### Task details
Provide an exact copy of the lines from the beginning of the records through the line that includes "2019-11-23_frost_leaves_3_lores", and of no others.

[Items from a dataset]
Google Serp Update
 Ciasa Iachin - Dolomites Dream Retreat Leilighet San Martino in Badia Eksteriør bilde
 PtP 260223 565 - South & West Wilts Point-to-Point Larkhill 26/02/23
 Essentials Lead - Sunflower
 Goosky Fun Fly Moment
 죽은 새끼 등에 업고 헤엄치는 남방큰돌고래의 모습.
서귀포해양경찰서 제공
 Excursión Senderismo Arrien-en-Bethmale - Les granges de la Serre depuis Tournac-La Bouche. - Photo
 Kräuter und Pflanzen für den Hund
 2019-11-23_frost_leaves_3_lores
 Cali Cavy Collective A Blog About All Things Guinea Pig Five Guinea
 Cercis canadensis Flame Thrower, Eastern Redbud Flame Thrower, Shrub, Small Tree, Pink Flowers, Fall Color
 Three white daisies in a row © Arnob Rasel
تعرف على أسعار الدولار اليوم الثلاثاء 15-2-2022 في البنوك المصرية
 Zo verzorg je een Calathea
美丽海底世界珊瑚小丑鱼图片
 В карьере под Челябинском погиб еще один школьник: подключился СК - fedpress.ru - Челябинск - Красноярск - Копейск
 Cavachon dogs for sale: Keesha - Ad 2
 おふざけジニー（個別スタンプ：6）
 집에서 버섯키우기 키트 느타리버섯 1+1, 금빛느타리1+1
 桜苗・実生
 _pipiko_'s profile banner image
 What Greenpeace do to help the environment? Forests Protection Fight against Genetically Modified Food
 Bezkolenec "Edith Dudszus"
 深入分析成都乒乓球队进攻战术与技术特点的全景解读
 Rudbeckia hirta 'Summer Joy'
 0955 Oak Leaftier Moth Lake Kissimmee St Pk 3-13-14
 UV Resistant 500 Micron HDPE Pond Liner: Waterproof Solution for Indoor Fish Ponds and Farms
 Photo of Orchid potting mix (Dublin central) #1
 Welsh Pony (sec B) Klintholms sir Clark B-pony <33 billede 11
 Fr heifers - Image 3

### Solution
Google Serp Update
 Ciasa Iachin - Dolomites Dream Retreat Leilighet San Martino in Badia Eksteriør bilde
 PtP 260223 565 - South & West Wilts Point-to-Point Larkhill 26/02/23
 Essentials Lead - Sunflower
 Goosky Fun Fly Moment
 죽은 새끼 등에 업고 헤엄치는 남방큰돌고래의 모습.
서귀포해양경찰서 제공
 Excursión Senderismo Arrien-en-Bethmale - Les granges de la Serre depuis Tournac-La Bouche. - Photo
 Kräuter und Pflanzen für den Hund
 2019-11-23_frost_leaves_3_lores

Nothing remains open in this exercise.